The little boy was “totes adorbs” to quote a friend from Buffalo, NY. His shiny black hair was cropped close, with bangs that hugged his face and curled up about an inch above his eyebrows. The dad was wearing a Reál Madrid soccer jersey and had close-cropped hair and a ready smile for his son while he was doing what dads do: playing while Mom was working. He laughed and did his best to look busy, but that little kid was just too much fun. The mom was fierce-looking; she had a classic South American face with high cheek bones and full lips. Her skin was a gorgeous bronze that set this pasty white Irish girl’s jealousy in gear. But I didn’t envy her the age of her son (been there, done that) nor the “compliance” of her husband while she’s just trying to clean out her car. Sometimes these chores are better performed alone.

Their dark teal Toyota Corolla sedan was in good condition. It looked to be the same vintage of one that belonged to a gal I met at the yoga retreat this summer. She said hers was 17 years old with close to 380,000 miles on it. To my friend, it was her ride to a Springsteen concert or to class or to the Jersey Shore and to work as an educator. But to this Mom, who looked to be no more than 21, that car was her chariot, her way to work, her son’s way to school or day care and her husband’s privilege: it had pink and lavender stickers on the back, like little wings, on either side of the trunk’s keyhole. This was a woman’s car.
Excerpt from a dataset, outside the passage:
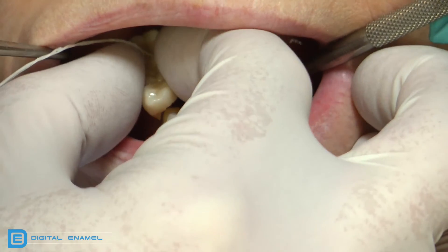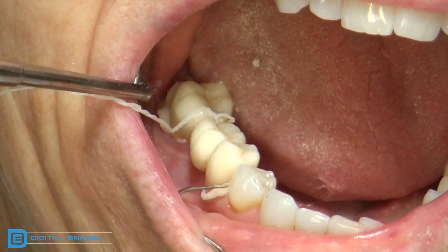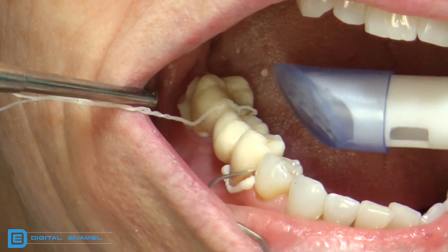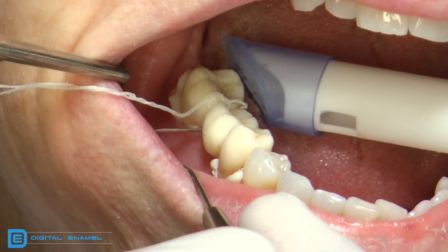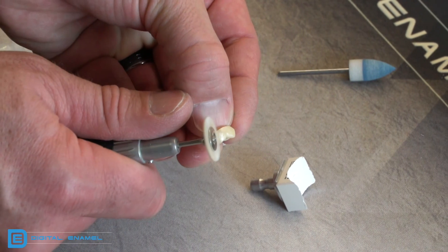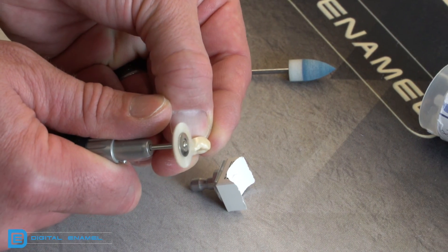The greatest thing about zirconia restorations is that if you have good mechanical resistance or retention form, you can traditionally cement them. This is a bridge we put in that was simply cemented with Fuji Plus, a resin-modified glass ionomer. If you need to adjust your zirconia restoration's occlusion or interproximal contact, use a light diamond less than 40 microns grit, then take the time to polish it extremely well — those little adjustment marks are potential fracture lines for the restoration later.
I remember hearing the music before I saw the family and thought that surely it was playing for the benefit of a silver-haired couple from Mexico or Latin America. To me, there was no way that a young person would enjoy that music; there was no subwoofer bleeding or swearing pouring out the windows. How nice it was to be so completely incorrect.

I felt lucky and, oddly, not a hint of self-consciousness recording that “report”; I suppose it’s not weird these days to see someone sitting alone in a car holding a phone up to her face with her window cracked open. People do it all the time… Beats trying to do it while driving.

I enjoyed pretending I was an NPR reporter; I am glad to be sharing it with you.

Thank you.

p.s.  i feel this post was rusty. i have to say that it’s weird for me to be writing about something happy again that doesn’t focus on my sadness about my Mom. it was nice. “The show must go on!” she’d say.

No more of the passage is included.